[Extracted records — start]

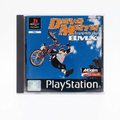 Dave Mirra Freestyle BMX PS1 recto sur fond blanc sans étiquette de prix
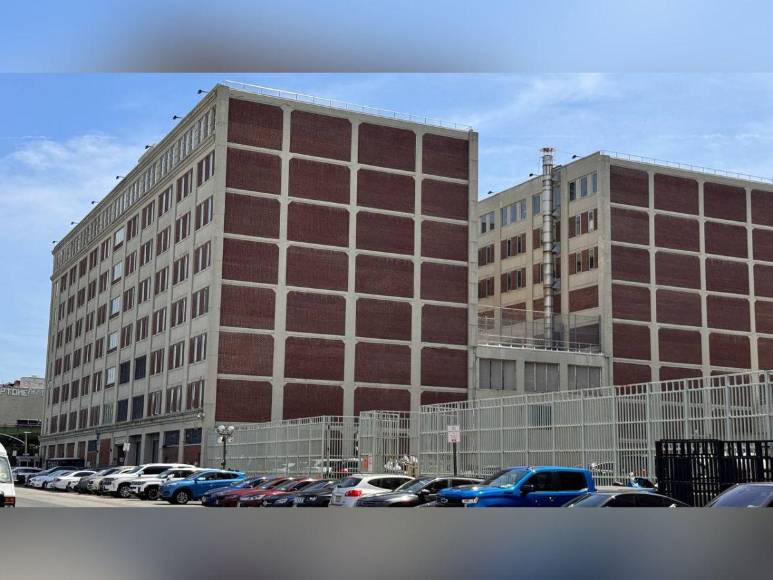 Así es la cárcel donde continuará recluido Juan Orlando Hernández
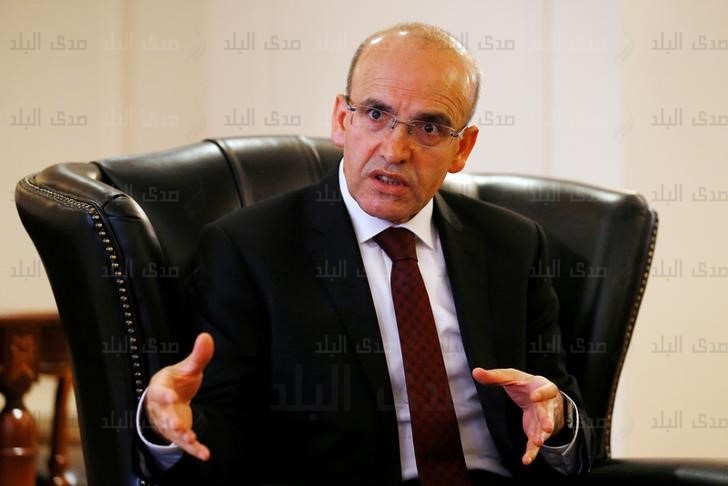 نائب رئيس الوزراء التركي محمد شيمشك نائب رئيس الوزراء التركي محمد شيمشك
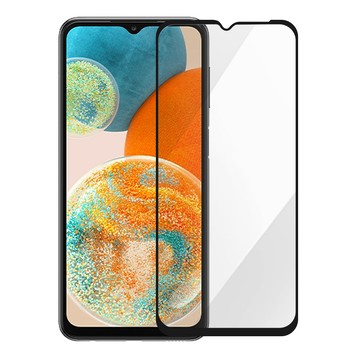 Metal-Slim Samsung Galaxy A23 5G 全膠滿版9H鋼化玻璃貼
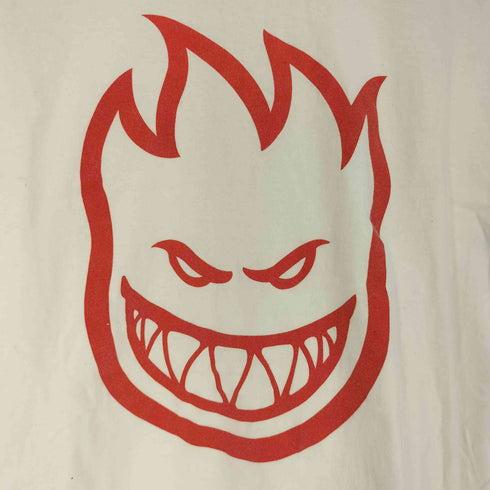 スピットファイアー SPITFIRE ロゴプリント Tシャツ メンズ import:M
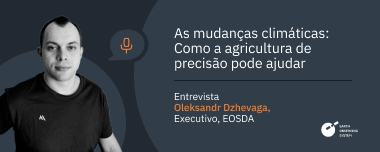 Agricultura De Precisão Combate Às Mudanças Climáticas
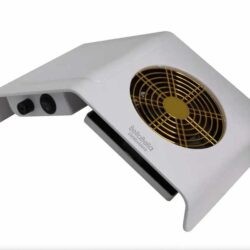 Extractor de polvo y Olores para uñas de acrílico | Modelo 858-2a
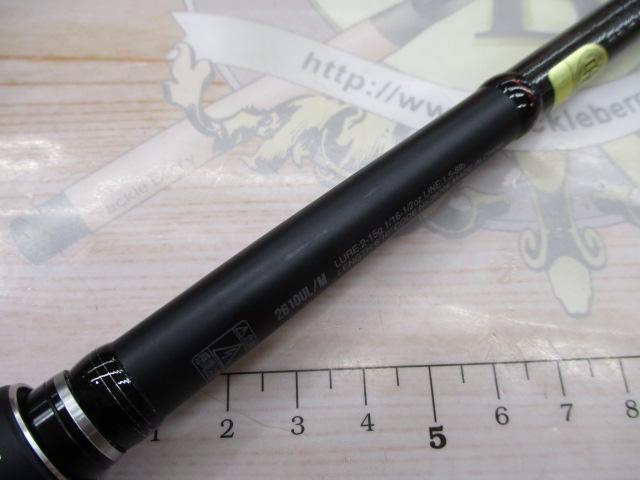 18ポイズンアドレナ 2610ULM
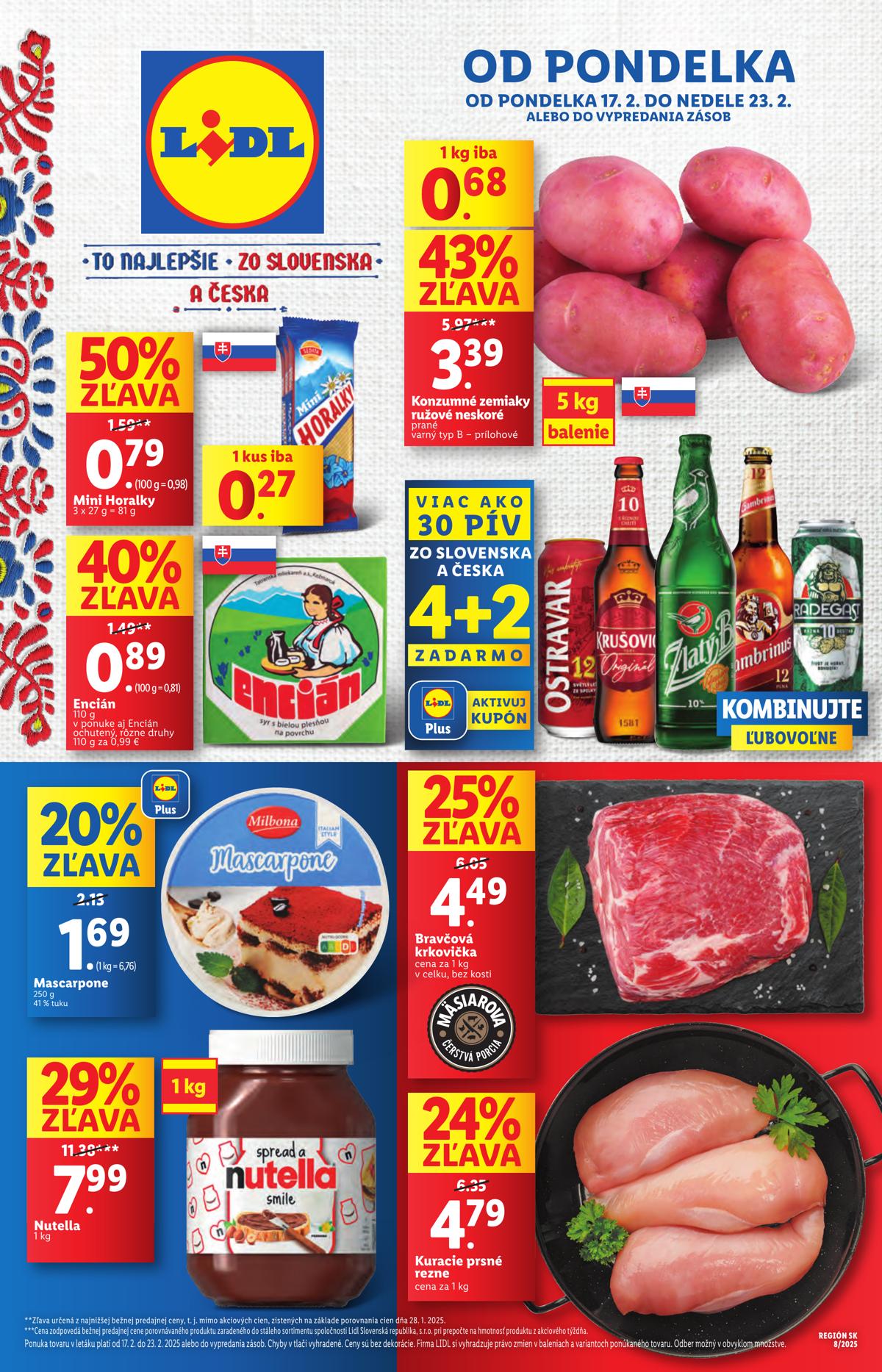 LIDL leaflet 2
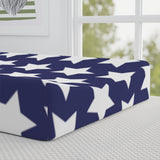 Star Pattern Changing Pad Cover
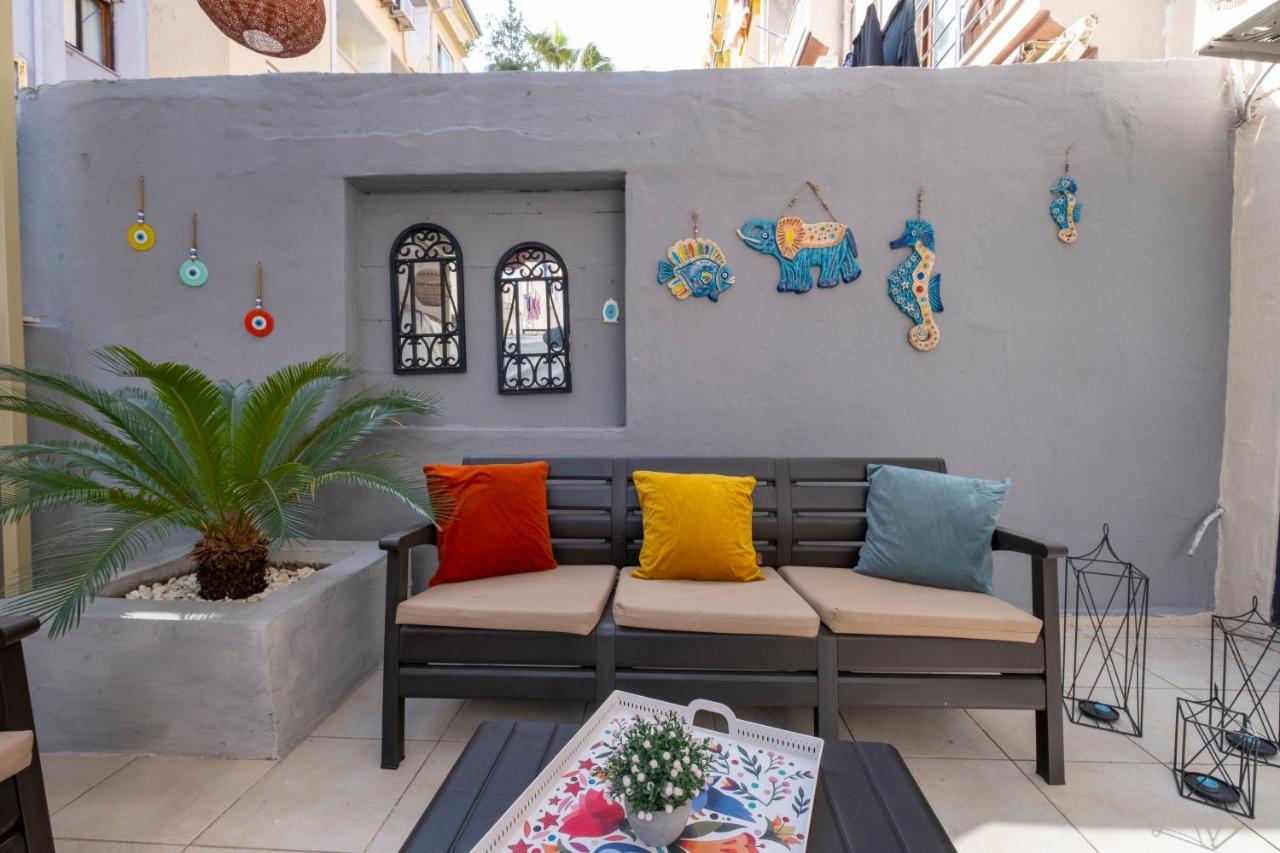 Ezgi's With Private Garden In Marmaris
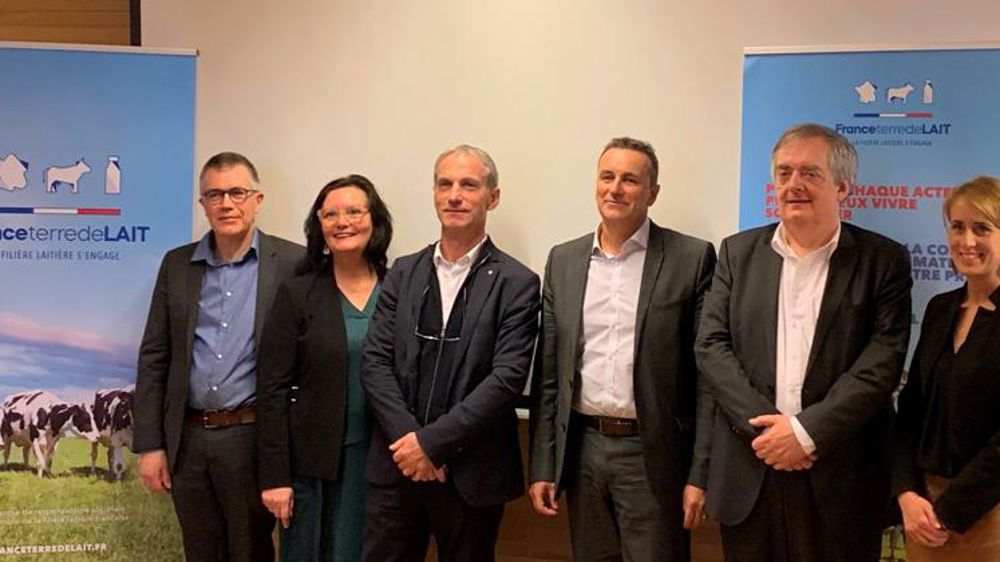 L’interprofession lance « France Terre de Lait »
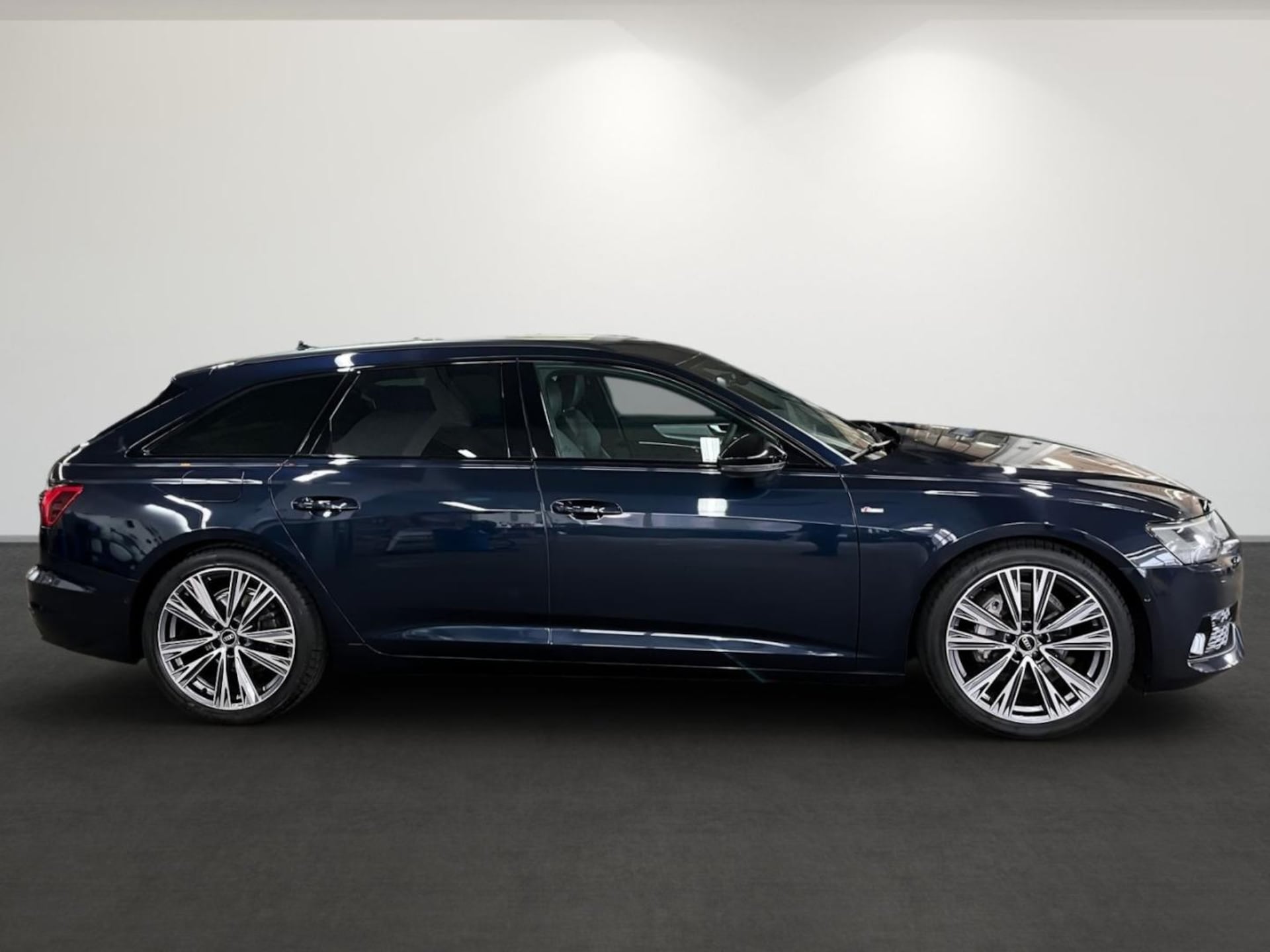 Audi A6 Avant Sport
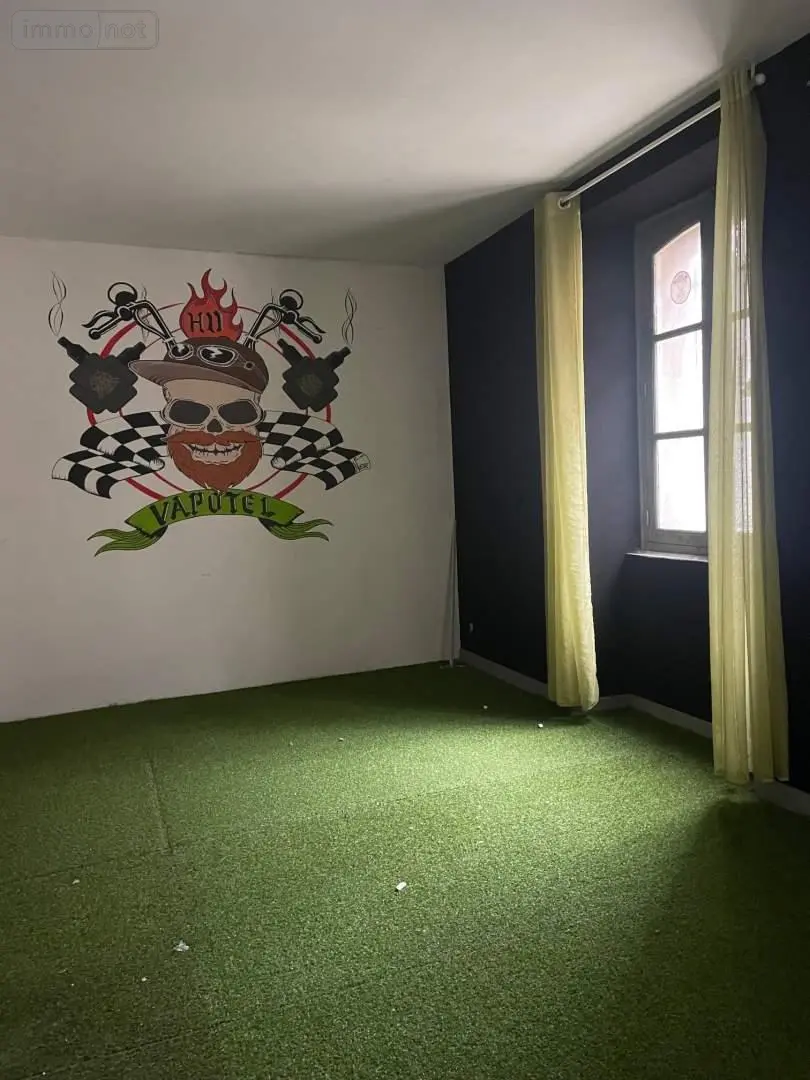 Immeuble de rapport a vendre Mayenne 53100 Mayenne 53 80 m2 9 pièces 68575 euros 046/844 002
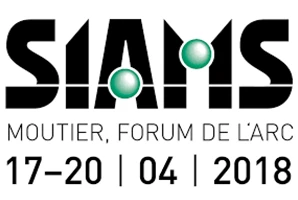 Logo du salon SIAMS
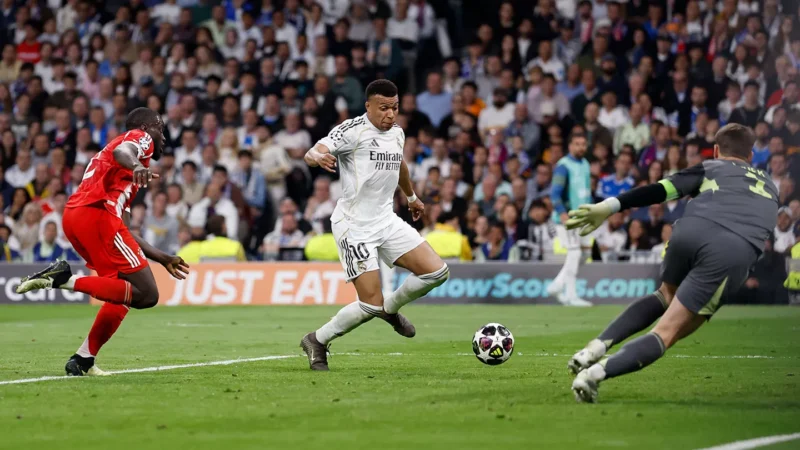 Mbappé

[Extracted records — finish]

* [Task prompt] Nothing but the lines from the one that contains "18ポイズンアドレナ 2610ULM" through the end of the material above is to be reproduced, exactly and without pictures.

* [Solution]
 18ポイズンアドレナ 2610ULM
 LIDL leaflet 2
 Star Pattern Changing Pad Cover
 Ezgi's With Private Garden In Marmaris
 L’interprofession lance « France Terre de Lait »
 Audi A6 Avant Sport
 Immeuble de rapport a vendre Mayenne 53100 Mayenne 53 80 m2 9 pièces 68575 euros 046/844 002
 Logo du salon SIAMS
 Mbappé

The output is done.